No caso do câncer de estômago, o estudo envolveu pacientes com a mutação HER-2 que receberam na primeira linha de tratamento quimioterapia com Trastuzumabe. Quando esse tratamento falhava, normalmente a segunda linha envolve a quimioterapia convencional. O resultado demonstrou, entretanto, que uma nova molécula, o Trastuzumabe deruxtecan, consegue manter a ação contra o HER-2 e, sendo mais efetivo que a quimioterapia de escolha, até então padrão. Segundo o oncologista, essa nova molécula se tornou, nesses casos, o novo padrão.

O medicamento foi aprovado no FDA (órgão regulador americano) em janeiro deste ano para o tratamento do câncer de estômago HER-2 positivo que tenha falhado o tratamento de primeira linha com trastuzumabe. Ele é uma terapia-alvo, ligando-se às células do câncer e colocando a quimioterapia diretamente dentro da célula. “A quimioterapia convencional atua em todas as células do nosso corpo – as que se dividem rapidamente e também as normais, provocando os conhecidos efeitos colaterais. Quando usamos drogas modernas, específicas contra determinada molécula do tumor, é como se estivéssemos usando um míssil teleguiado, direto ao alvo, ao invés de usarmos uma bomba que destruiria todo o campo ao redor do nosso alvo. É muito mais efetivo, poupando as células saudáveis, resultando em maior eficácia e menor toxicidade”, esclarece.

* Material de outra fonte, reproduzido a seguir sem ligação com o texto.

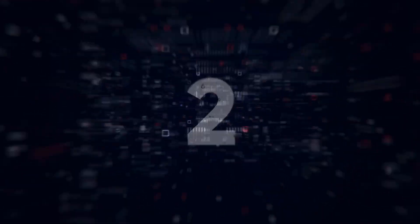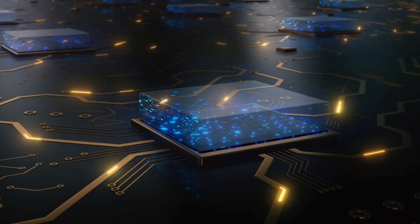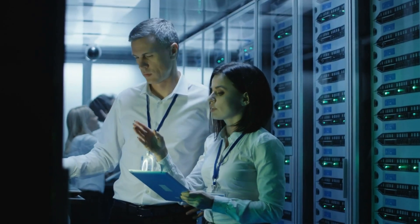Number 2. An accelerator is a high-performance parallel computational hardware that is specifically designed for the efficient processing of AI workloads. In AWS, each EC2 Trainium instance deploys up to 16 AWS Trainium accelerators to deliver a high-performance,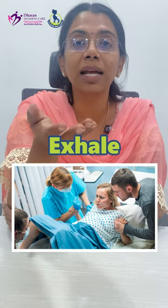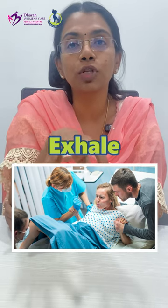Lastly, while pushing, rather than breath hold and push, sometimes it is better that you exhale the air and then push. It is easier for pushing to happen.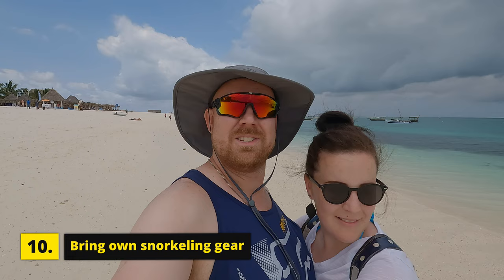Tip number ten: if you plan on doing any day trips where you need to do some snorkeling or swimming, and you have your own gear, I would suggest bringing it. Personally I don't like wearing a mask that a hundred other people wore. So we brought our own snorkeling gear — masks, snorkels, and our own fins. If you want to do that, bring your own stuff.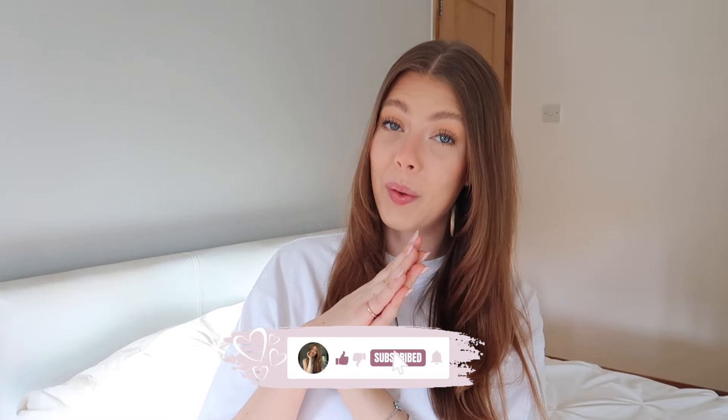Hello everyone, it's Emily here, welcome back to my channel. Today I'm bringing you another massive try-on haul, this time from ASOS. I've been loving so many items on ASOS lately and made quite a few orders. Everything in today's video I'll be taking with me on the cruise. If you enjoy today's video, please leave a thumbs up and subscribe if you haven't already.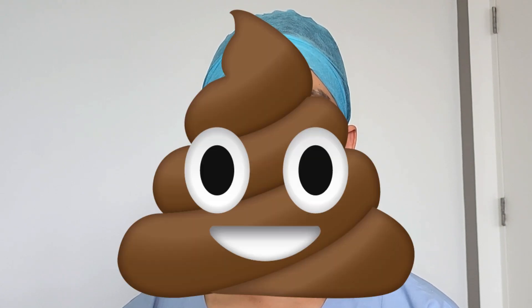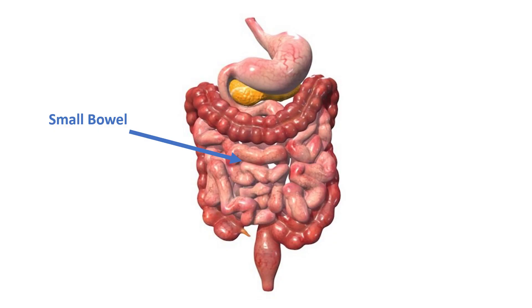So what is a bowel obstruction anyway? Your bowels are like a long pipe that absorb nutrients after food passes through from your stomach. Anything that is not absorbed comes out as poo. A blockage in the bowels can result in food backing up into your stomach and then out as vomit. You have two sets of bowels: the small bowel and the large bowel. The small bowel is longer and the one more likely to be blocked.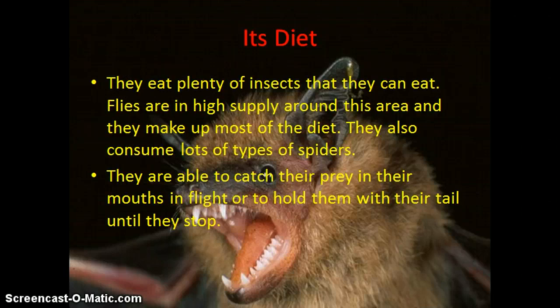Its diet consists of plenty of insects that they can eat, flies, and sometimes they consume a lot of types of spiders.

O uso desse medicamento para os tumores com HER-2 positivo nesse cenário, de segunda linha, ainda não está aprovado no Brasil, mas o oncologista acredita que até o ano que vem deve haver a aprovação. A opção dessa medicação para primeira linha ainda é alvo de estudos.

 

A importância de identificar alterações

Carvalho alerta que atualmente é fundamental, em tumores gastrointestinais, que o paciente saiba que existem essas alternativas e a necessidade de se fazer o perfil molecular. “Temos  vários exemplos de como o estudo molecular pode se transformar em tratamentos melhores”.

Entre esses exemplos, cita a presença da alteração molecular chamada instabilidade de microssatélite. Para descobri-la, é feito um exame simples com o material da biópsia, disponível em diversos locais do país. Para pacientes de câncer de intestino com essa característica molecular, o uso de imunoterapia (Pembrolizumabe) na primeira linha, ressalta, é melhor do que a quimioterapia. “Até o ano passado o câncer de intestino, nesse caso, era tratado na primeira linha com quimioterapia. Essa alteração molecular ocorre em 5% dos tumores de cólon, os quais podem receber esse tratamento mais efetivo e menos tóxico já na primeira linha. Por isso a importância do exame para tratar melhor”.

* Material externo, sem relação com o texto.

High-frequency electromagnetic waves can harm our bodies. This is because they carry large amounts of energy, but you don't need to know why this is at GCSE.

Outro exemplo da contribuição da análise para tumores gastrointestinais é a pesquisa molecular em colangiocarcinoma, para identificar mutações IDH e FGFR que, quando presentes, possibilitam o uso de drogas específicas para esse tipo de tumor.

“Em câncer de pâncreas temos um exame simples feito no sangue, que é a pesquisa de mutação do BRCA”, afirma Carvalho, avisando que quando há essa mutação, que acontece em cerca de 7% dos casos, existe uma droga (Olaparibe) que pode ser utilizada em determinado momento do tratamento.

Quanto ao acesso aos exames de perfil molecular, o oncologista comenta que uma boa parte está disponível nos convênios e alguns também são oferecidos pelo Sistema Único de Saúde (SUS).

“Cada vez mais nos tumores gastrointestinais o perfil molecular vai ganhar espaço. A perspectiva de futuro é mergulhar profundamente no aspecto molecular do câncer gastrointestinal, fazer um estudo ampliado de todos os genes do tumor, tentando identificar alterações moleculares que possibilitem uso de terapias alvo específicas”, avalia o especialista. “É importante o oncologista pesquisar a fundo o tumor do paciente, buscando a identificação de alvos que possam se traduzir em drogas a serem usadas no tratamento. É fundamental a busca pela individualização do tratamento”.